My first project - a sampler scarf made with handdyed mohair/wool yarn:
First weaving project - a sampler of twills

Plain weave scarf made with handdyed merino wool yarn:
Second weaving project - merino scarf

Huck lace scarf made with superwash bluefaced leicester sock yarn. Warp is undyed, weft is handpainted:
Third weaving project - huck lace scarf

In August, my friend, Lori , gave me some undyed and handpainted 2P bombyx silk cord and handpainted 20/2 bombyx silk so that I could try my hand at weaving with fine threads. It was such a delight to smell and feel the silk while I was weaving. And, of course, I used a block twill pattern.

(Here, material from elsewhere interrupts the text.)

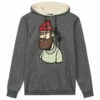 Picture Mopsa Plush Hoodie - Hoodie -Outdoor Equipment Sales Shop picture mopsa plush hoodie hoodie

Fibonacci Twill Plaid Silk Scarf

I have now taken to weaving baby blankets because it seems as if everyone I know is pregnant. I am using a wonderful organic cotton boucle yarn in a variety of lovely natural colors that are appropriate for girls or boys.

Organic Cotton Boucle Baby Blanket

For my next projects, I am planning to weave another silk twill scarf as a gift for a friend. I bought some 20/2 silk the other week, and have dyed it up in greens, blues and pinks. Also, I am planning to make a felted scarf with handspun. What fun!

Much of my knitting time has been replaced by weaving time, but I have managed to finish a pair of socks for myself, and I have made substantial progress on a pair of socks for my sweetie. For my socks, I used my new superwash bluefaced leicester sock yarn handpainted in shades of blue and purple.

BFL socks

I have several other knitting projects in the works, and I am hoping to work on them more this fall and winter.

Wednesday, June 24, 2009

Days 7 and 8: Homeward Bound

We had a very smooth two-day trip home from Black Sheep Gathering. We stopped at Hendrick's Park in Eugene before leaving town. A few Rhododendrons were still in bloom, and the park was very green and lush. While we were at Hendrick's Park, we saw a peahen hopping through the grass with her babies in tow.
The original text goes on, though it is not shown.